Ensign Donald Hume McLeod and the 63rd Regiment
The City of Bunbury’s first European inhabitants arrived on the schooner Eagle on 6 March 1830. A detachment of the 63rd Regiment, they consisted of a sergeant, corporal, and 14 privates under the command of Ensign Donald Hume McLeod (also spelled MacLeod). The location at Port Leschenault (Sykes Foreshore, Bunbury, today) was chosen for a military station by Lieutenant-Governor Sir James Stirling after examining other potential locations along Geographe Bay (reference).
Having chosen to construct the camp on the north shore of Port Leschenault, the detachment offloaded their provisions and began constructing shelters and stores (reference). Whilst the Eagle remained with the 63rd Regiment, multiple exploration excursions were made to expand on their knowledge of their new environment, one of which was led by the Surveyor-General John Septimus Roe (reference). Not everyone approved of the chosen location, with Bunbury commenting in his journal that the north shore was barren, forcing McLeod and his men to create a canoe out of a tree trunk to cross the estuary to more fertile land.

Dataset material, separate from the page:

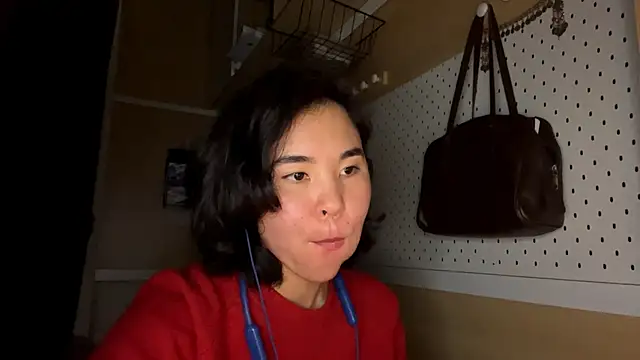 JennyCarpenter online show from 04-21-26, 10:11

Returning to Perth, Stirling advertised to potential settlers of the southwest that a military camp had been constructed at Port Leschenault to provide protection from the Aboriginal people (reference). Despite this, Stirling ordered their removal and relocation to Augusta in August 1830. On 25 August 1830 the military personnel departed Port Leschenault upon the HMS Sulphur (reference). They left behind stores they constructed and buried rum and wine to be collected at a later date (reference). Records vary as to what happened to those provisions, some saying the rum was found by the local Aboriginal people (reference), others that they found the meat, and a group of runaway convicts from King George’s Sound (Albany) drank the rum (reference). According to legend, the wine was never found and may remain there today.
Six years later the local Aboriginal people still remembered the short-lived military camp, which they recounted to Lieutenant Bunbury on his journey from Pinjarra to Vasse. Today, the location of the military camp is marked by a plaque at Sykes foreshore.